Laura T. Fisher in Flood (Don Ipock)
Theater of the Absurd is probably not a subject most of us sit around regularly thinking about, but when we do, the figure who first springs to mind is very likely Samuel Beckett—or possibly Eugène Ionesco or one of their contemporaries, but for most of us, our idea of the genre is limited to mid-century writers. As a whole, the genre has fallen out of style in the last 60 or 70 years. But Mashuq Mushtaq Deen’s new play Flood, which is currently having its world premiere at KC Rep, offers as good an argument as I can imagine in favor of a resurgence.
A common, even fundamental structural throughline in the Theater of the Absurd is characters who refuse to acknowledge the preposterous circumstances of their surroundings, focusing instead on the quotidian elements of their own lives. As Deen makes explicitly clear, those themes are as relevant as they’ve ever been.
Flood takes place on the 19th floor of a highrise apartment building. Much of the establishment of tone and visual themes, if not exact time and place (as those elements are deliberately obscured) is done through Paul Kim’s fantastic costume design. Edith (Laura T. Fisher), is doing spot-on 1950s housewife Donna Reed cosplay. Her adult children (Darrington Clark and Jamie Morrow), who live in the same building but some number of floors below, are explicitly contemporary, their clothes and styling modern, pseudo-punkish, and vaguely androgynous. The patriarch, Darren (Matt DeCaro), is dressed similarly to his wife in suspenders and an unassuming cardigan—oh, and a white, structured, commedia dell’arte-esque mask inexplicably covering the top half of his face.
Edith and Darren’s lives are comfortable, if not much else. Darren spends his days working diligently on his “masterpiece”—an undefinable structure made of thousands of matchstick-size pieces of wood. Edith longs for the day he decides he’s finished and the two of them can sit and have tea together, perhaps even hold hands if she can bring herself to hope for such a display of basic affection. The two have a “very pleasant view” of an ocean from their apartment windows—so pleasant that they’re able to ignore the fact that that ocean seems to be growing, rising, consuming them entirely.

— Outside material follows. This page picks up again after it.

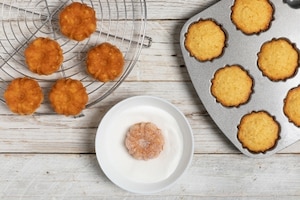 Preparazione Mini bundt cake alle mele  - Fase 4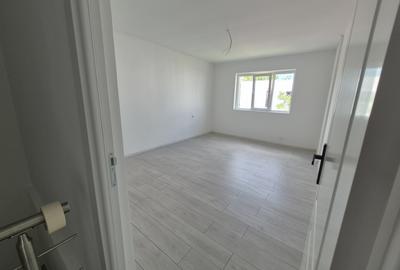 Vila cu 4 camere+mansarda locuibila neamenajata,curte 240 mp - 12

The very obvious metaphor at play here is one of climate change, and that’s certainly part of what we’re seeing. But the issues Darren and Edith are ignoring are all-encompassing. In an interview with Hallie Gordon featured in the show’s program, Deen says his inspiration for the play came from questions that arose in the public consciousness after the 2016 presidential election—questions of why so many white women voted for Trump, putting their (generally unconscious) desire to uphold the patriarchy above what most would see as their most basic self-interests. Upholding these systems of power offers these women some comfort and a degree of protection—or at least the promise of those things (someday, with tea, maybe). For many, that’s enough to bury their head in the sand, to ignore everything that is swallowing up the world around them, themselves and those they love included. Deen’s inclination to depict these ideas via a 1950s sitcom housewife could be trite on its own, but the decision to cast that entire framework through the lens of the Theater of the Absurd puts it all so over the top as to come back around to being sharply incisive.
Every design element of Flood works to serve its larger themes and tone, but I would be extremely remiss not to specifically mention Edward T. Morris’s set, which strikes the perfect balance of whimsy and looming menace that drives Deen’s script. Director Kenneth Prestininzi commands a stellar cast, navigating Deen’s complex, lofty metaphors with equal measures of absurd levity and gravitas.